Write-Ahead Log: Crash Recovery Technique
Databases lie to you. When your application receives a 'commit successful' response, the data might only exist in volatile memory. A power failure milliseconds later could erase that transaction...
Key Insights
- Write-ahead logging guarantees durability by recording changes to a sequential log before modifying actual data pages, enabling complete recovery after any crash
- The WAL protocol enforces strict ordering: log records must hit disk before data pages, and commit records must be flushed before acknowledging success to clients
- Recovery follows three phases (Analysis, Redo, Undo) that reconstruct exactly which transactions committed and which must be rolled back, regardless of when the crash occurred
The Durability Problem
Databases lie to you. When your application receives a “commit successful” response, the data might only exist in volatile memory. A power failure milliseconds later could erase that transaction completely.
This isn’t a bug—it’s physics. Modern systems use memory hierarchies where writes first land in CPU caches, then DRAM, eventually reaching disk. Each layer is faster but less durable than the next. Without explicit intervention, “committed” data can vanish.
The naive solution—flushing every write directly to disk—destroys performance. Random disk I/O is catastrophically slow compared to memory operations. A database doing synchronous random writes might handle hundreds of transactions per second instead of hundreds of thousands.
Write-ahead logging solves this by converting random writes into sequential ones. Instead of immediately updating scattered data pages, the database appends changes to a sequential log file. Sequential writes are dramatically faster than random writes, even on SSDs. More importantly, the log provides a complete record for reconstructing state after crashes.
How Write-Ahead Logging Works
The core principle is simple: before modifying any data page, write a log record describing the change.

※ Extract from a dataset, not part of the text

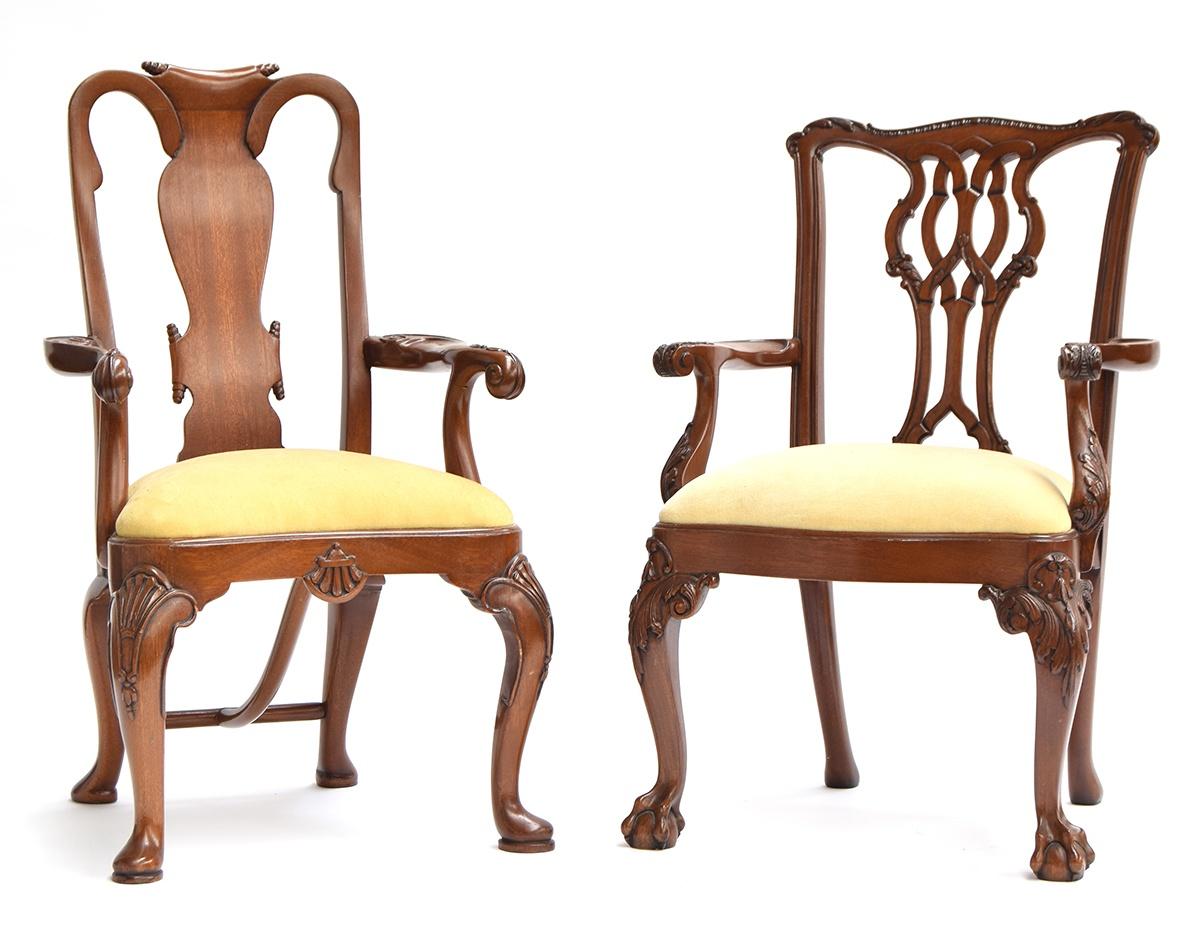 Two miniature carved hardwood vase splat open armchairs, each with upholstered seat, on cabriole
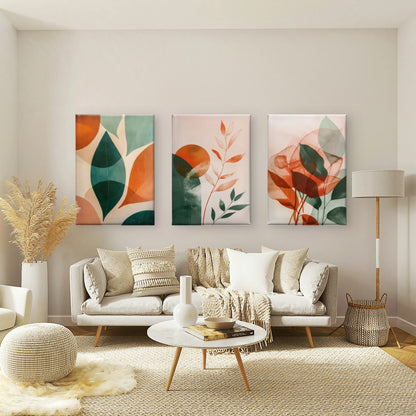 3pcs Abstract Terracotta Sage Green Botanical Boho Mid Century Wall Art Set Canvas Framed 40x60cm - High Quality Print 100% Australian Made Wall Canvas Ready to Hang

If the system crashes, replay the log to recover.
Each log record needs enough information to both redo the operation (if the transaction committed but data pages weren’t flushed) and undo it (if the transaction was incomplete). This requires capturing the before and after states.
typedef struct WALRecord {
uint64_t lsn; // Log Sequence Number - unique, monotonic
uint32_t transaction_id;
uint32_t page_id;
uint16_t offset;
uint16_t length;
uint8_t operation; // INSERT, UPDATE, DELETE, COMMIT, ABORT
// For physiological logging
uint8_t before_image[MAX_RECORD_SIZE];
uint8_t after_image[MAX_RECORD_SIZE];
uint64_t prev_lsn; // Previous LSN for this transaction (undo chain)
uint32_t checksum;
} WALRecord;
The Log Sequence Number (LSN) is critical. It’s a monotonically increasing identifier that establishes total ordering of all changes. Every data page also stores the LSN of the most recent log record that modified it. During recovery, comparing page LSNs to log LSNs tells us exactly which changes need replaying.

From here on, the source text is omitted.